Thursday, January 29, 2009

teenage lobotomy

So my morning class got out early enough today that I decided on my way to work I had enough time to stop and get a soda, since we are tragically out of Diet Dr. Pepper at my office right now. I of course decided to stop at Sunburst, the gas station of my younger years, located pretty much in the parking lot of Cottonwood High School. Not only is Sunburst the station probably most frequented by Cliffords throughout time, but it also has Diet Dr. Pepper in the fountain machine AND offers paper cups (because fountain drinks in paper cups is the best way to drink).

However, as I approached I saw it was swarming with teenagers, as evident by this photo I took:

High school lunch at 10:30, how I had forgotten. No bother, I don't mind teenagers!

Except when I got closer and could see them individually, I realized I was basically disgusted. Their pants were so low! Their hoodies so oversized! Their stares so blank! Their highlights so chunky! As I got even closer I saw inside was packed. The guy who works there was standing by the doors allowing them in only one at a time as a few would exit. I was so creeped out I turned around and left.

Why are they so gross? What has happened to our youth?! Or maybe, what has happened to me? I thought I understood them, I've got a 17 year old sister who I hang out with often and who I only occasionally make furious. And Janelle and I spent like 3 hours in Forever 21 on New Year's Eve buying slutty-ish teenager clothes. I thought I could connect with them! But all I wanted to do was pull up all of their pants and cut all of their hair.

So I think I'm totally going to be the meanest mom ever (and also, the Diet Dr. Pepper I ended up getting at Top Stop had to be in a plastic cup and totally tasted like soap, so whatever).

17 comments:

Naomi said...

I think that might be a full-time job for tweens--to annoy and make you feel old.

Tracy said...

Fountain sodas in paper cups are totally the most delicious! I've always wondered whether I was crazy for thinking this because does the material of the cup really make a difference? But your backing me up just confirmed that I am not crazy and it is indeed superior. Yay.

Ems said...

oh tracy it totally matters...I like styrofoam a lot too but feel bad that feeling bad doesn't ever stop me from large sonic diet dr. peppers. plastic fountain drinks are the worst, even behind plastic bottles for me.

I'm glad you understand.

*Jane Lee* said...

I think it means we're getting old BUT I also think it means that the youth of this nation have really stopped caring about fashion. I have a 17 year old sister and for the most part, she looks ok, but then every once in a while, she looks like she woke up in a gutter and that was how she PLANNED to look.
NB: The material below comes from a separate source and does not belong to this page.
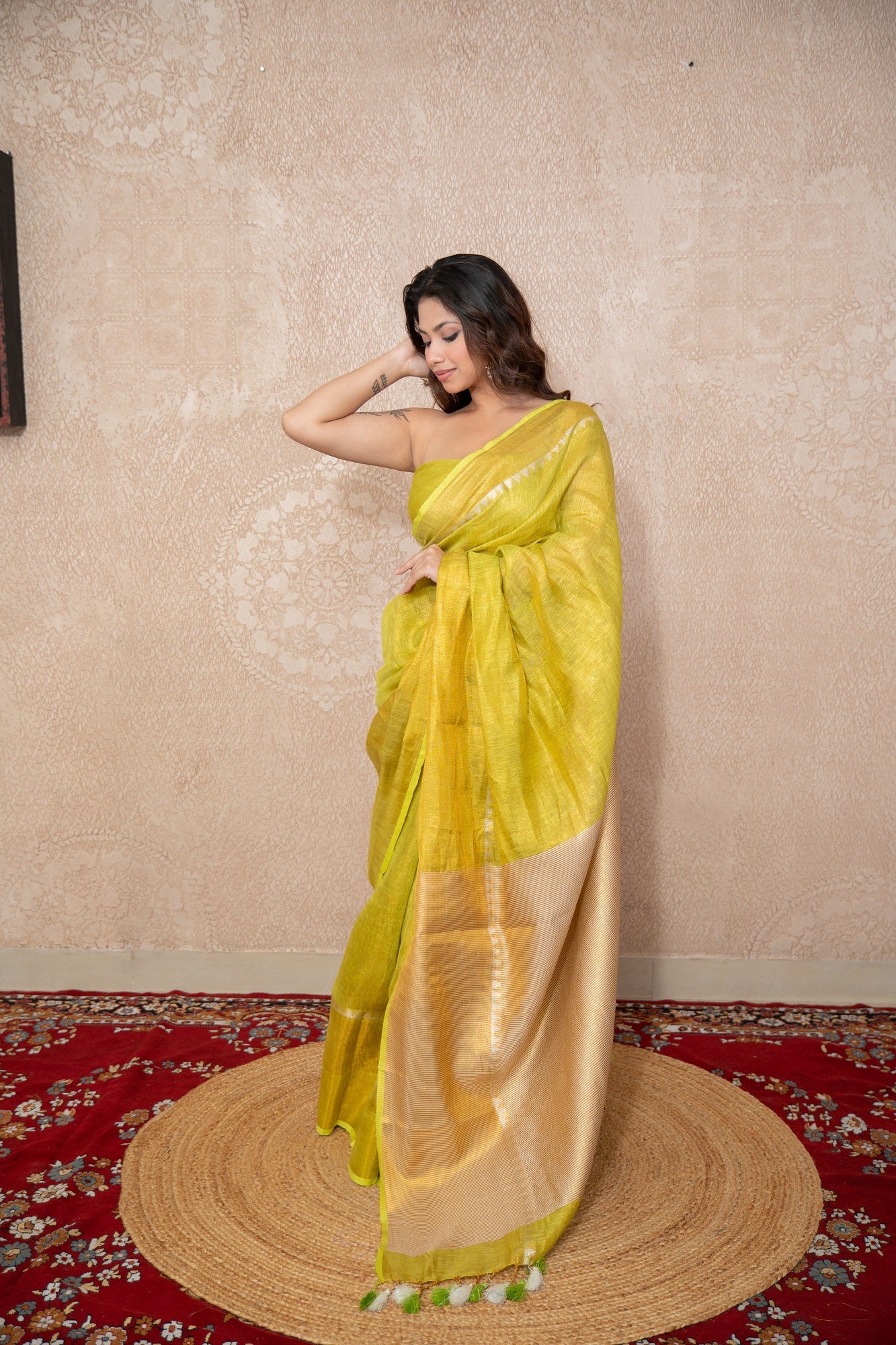 Sakhi- Green Zari Saree with temple border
It's a gross trend and I hope it ends soon. I SO cannot get into it.

Brittany said...

I'm totally with you, I just contribute it to the fact that I'm old, but truth be told I usually can't stand teenagers. What does this mean for my future with my children? Who knows!

jesse said...

I don't know if I've told you but your blog is awesome.
Keep up the good work.

Jillian said...

I'm sticking with my belief that there should be an island for them all. They can come back when they are 22ish...if they meet a minimum requirement for grooming.

k8 said...

i only like teens on a case by case basis. but your photos with the teens labeled is probably the best part of today.

Kristina said...

I wonder what any 28 year old would have thought of 15 year old me, circa 1995, looking like I just walked out of the dumpster behind Goodwill. But in 2009 I passed a gaggle of teenage girls about 20 minutes ago: jeans ripped on the butt, red bra hanging almost all the way out of a black spaghetti strap tank top (yes, it's still January), and aforementioned chunky highlights. I wondered where their parents were.

i i eee said...

Ugh. Teenagers are the worst.

My oldest nephew will turn 18 this year. He's a nightmare. Means well, but oh we all can't wait until he grows out of it.
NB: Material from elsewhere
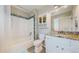 Bathroom featuring a granite countertop, decorative tile backsplash, and white fixtures at 4523 Crestone Peak St, Brighton, CO 80601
I hope by the time I'm a mom that the clean cut preppy look will be back in. Because teenagers smell funny too. I mean, it's not like I take a shower everyday, but they should have a higher hygiene standard than myself.

Greg and Jayne said...

Oh boy, all these posts make me feel young! Because they are so right (paper cups being the proper way to drink soda included. Unless you happen to have a really great ceramic mug) and because I am comparatively sooo tolerant of the group as a whole. I've had 1-5 of them in my house at any given time for for almost 20 years. Those Cliffords were exceptional, but I spent my share of time muttering in my room with the door shut.

corinne said...

emily, i feel you. i started loathing teens a few years ago and it bewildered me! i am officially an old lady.

becky said...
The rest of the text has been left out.